**What is being asked**
Output each of the entries exactly, skipping every picture they contain.
═════ Data to use ═════
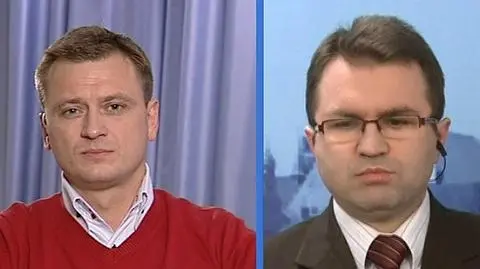 Krzaklewski na liście – lokomotywa czy hamulcowy?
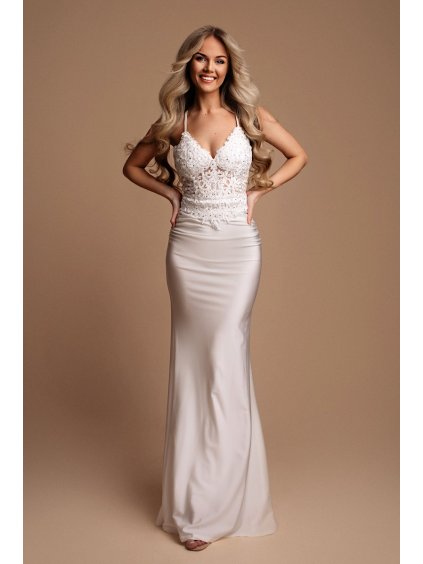 Hm2425 Blanc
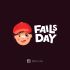 Логотип для инстаграм паблика Fails_day - дизайнер benks
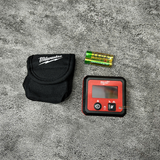 Thước đo góc kỹ thuật số Milwaukee 48-22-5602 sử dụng pin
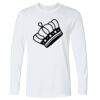 Softstyle® Adult Long Sleeve T-Shirt Thumbnail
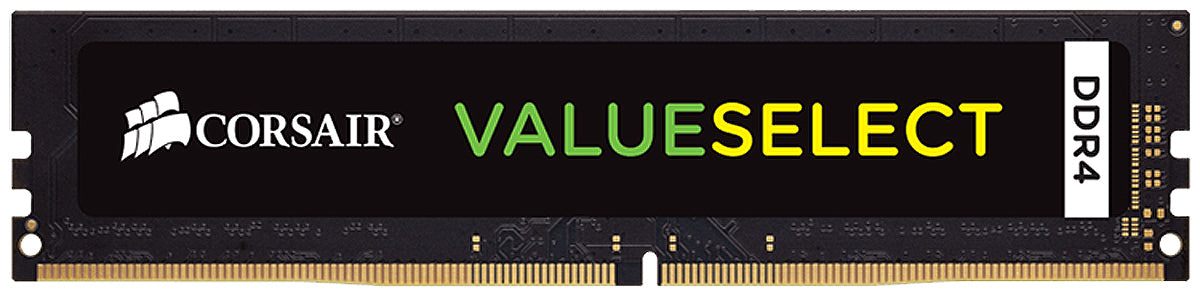 DDR4 1x4GB 2133MHz 4GB - billede 2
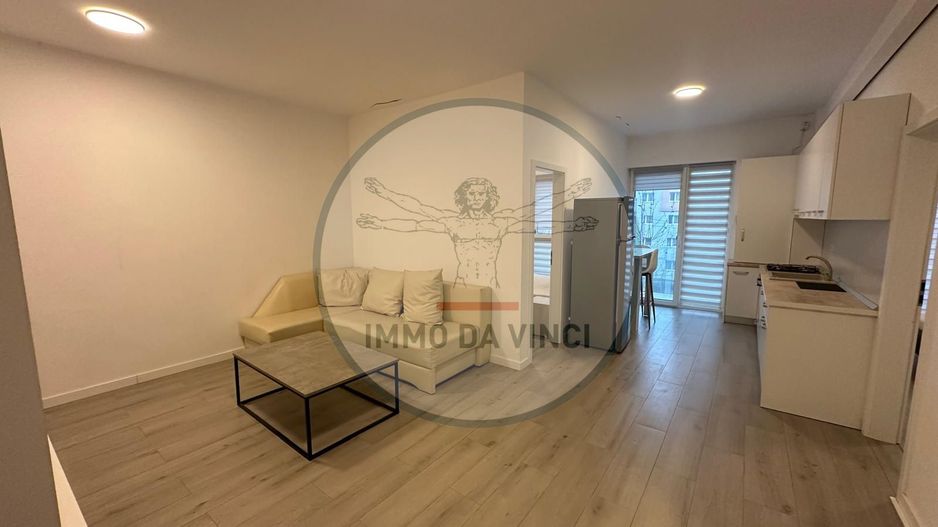 APARTAMENT DE ÎNCHIRIAT 3 camere MARASTI CLUJ - Poză 3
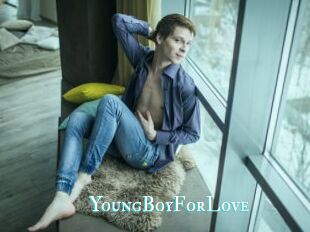 YoungBoyForLove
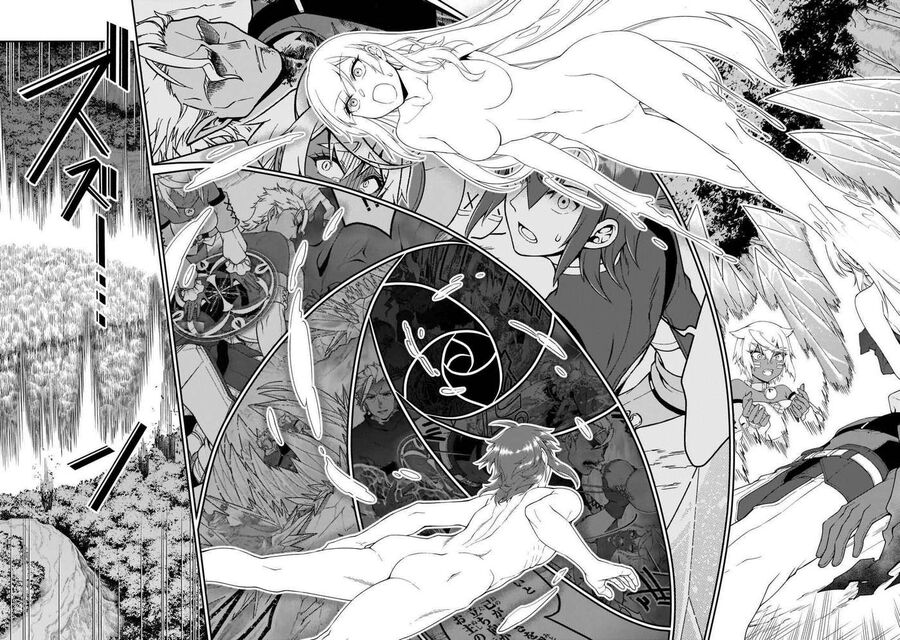 Cuộc Sống Thảnh Thơi Tại Dị Giới Gian Lận Của Cựu Ứng Viên Dũng Giả Từ Cấp Độ Hai Chap 31 - Next Chap 32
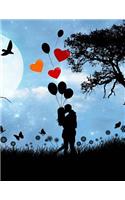 Love In The Summertime Journal
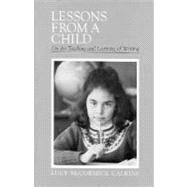 Lessons from a Child by Calkins, Lucy McCormick, 9780435082062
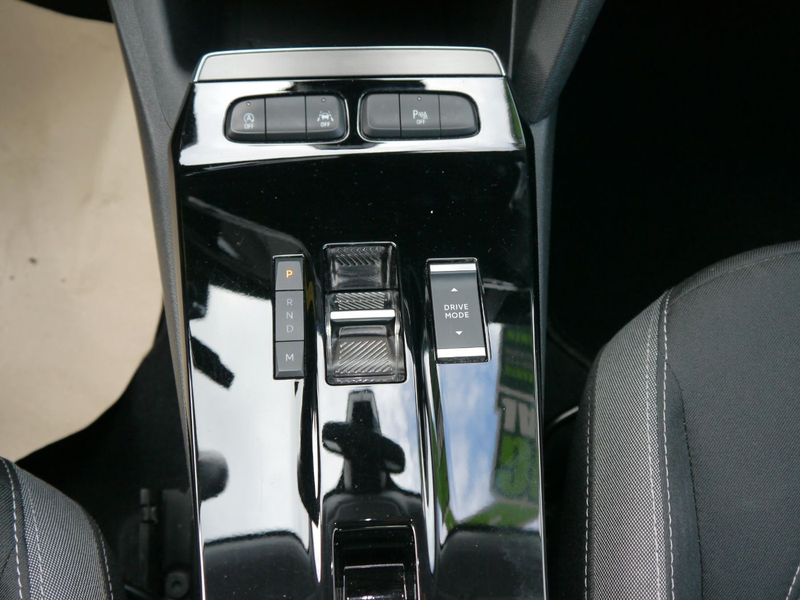 Opel Mokka 1.2 Turbo Edition Incl.Big Deal Paket — photo 2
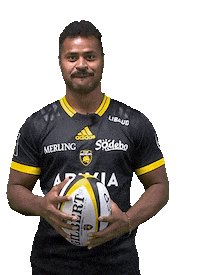 Top 14 Rugby Sticker by Stade Rochelais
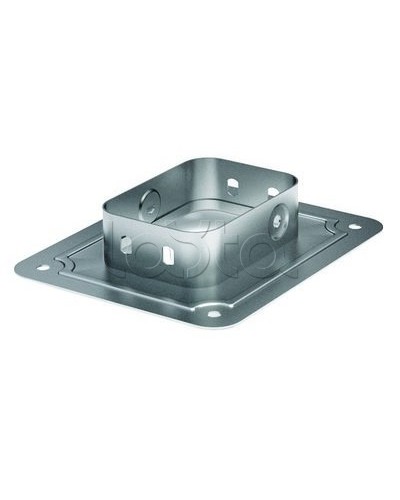 Фланец соединительный FR300/80 DKC 37435 в Санкт-Петербурге Аксессуары для лотков Pintop.ru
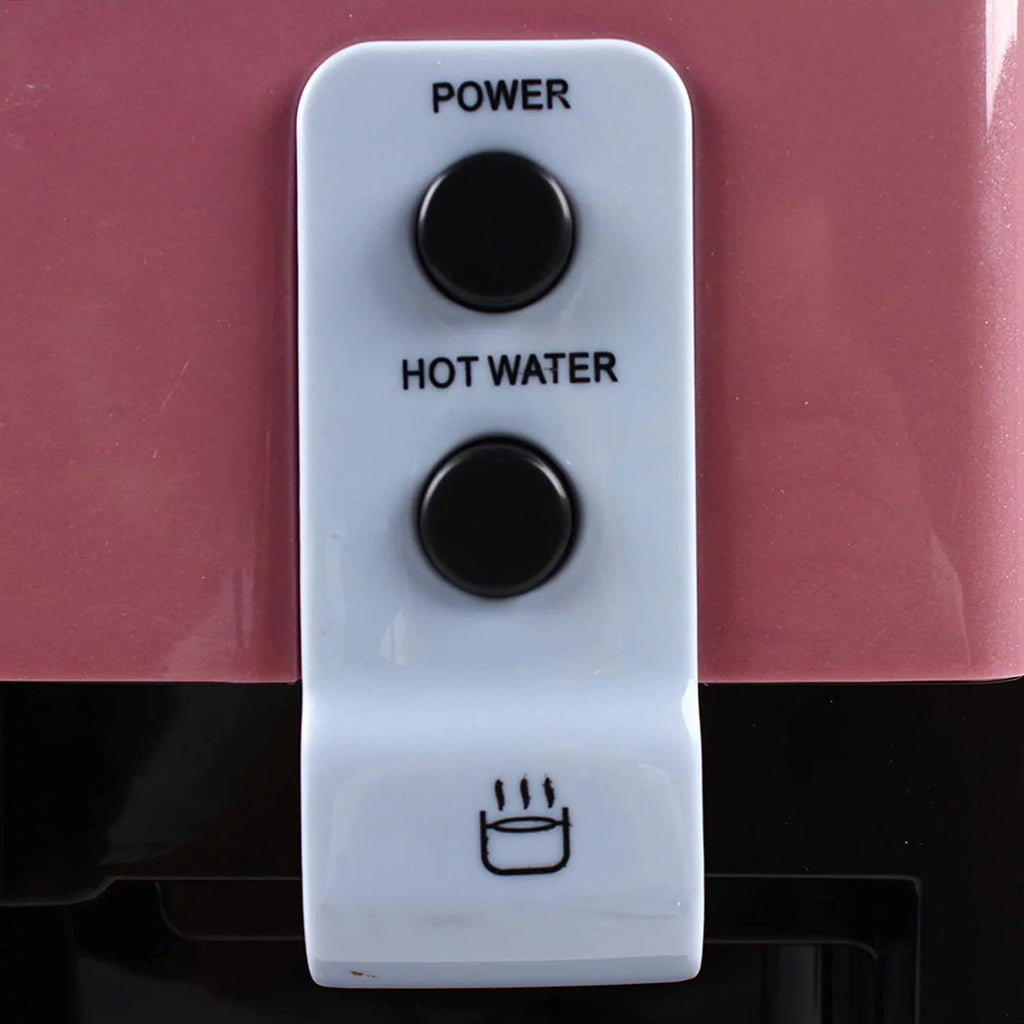 Electric Desktop Water Cooler Dispenser L95358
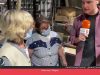 Aprenem a restaurar mobles al Museu de l’Aigua i el Tèxtil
═════
**Finished exercise**
 Krzaklewski na liście – lokomotywa czy hamulcowy?
 Hm2425 Blanc
 Логотип для инстаграм паблика Fails_day - дизайнер benks
 Thước đo góc kỹ thuật số Milwaukee 48-22-5602 sử dụng pin
 Softstyle® Adult Long Sleeve T-Shirt Thumbnail
 DDR4 1x4GB 2133MHz 4GB - billede 2
 APARTAMENT DE ÎNCHIRIAT 3 camere MARASTI CLUJ - Poză 3
 YoungBoyForLove
 Cuộc Sống Thảnh Thơi Tại Dị Giới Gian Lận Của Cựu Ứng Viên Dũng Giả Từ Cấp Độ Hai Chap 31 - Next Chap 32
 Love In The Summertime Journal
 Lessons from a Child by Calkins, Lucy McCormick, 9780435082062
 Opel Mokka 1.2 Turbo Edition Incl.Big Deal Paket — photo 2
 Top 14 Rugby Sticker by Stade Rochelais
 Фланец соединительный FR300/80 DKC 37435 в Санкт-Петербурге Аксессуары для лотков Pintop.ru
 Electric Desktop Water Cooler Dispenser L95358
 Aprenem a restaurar mobles al Museu de l’Aigua i el Tèxtil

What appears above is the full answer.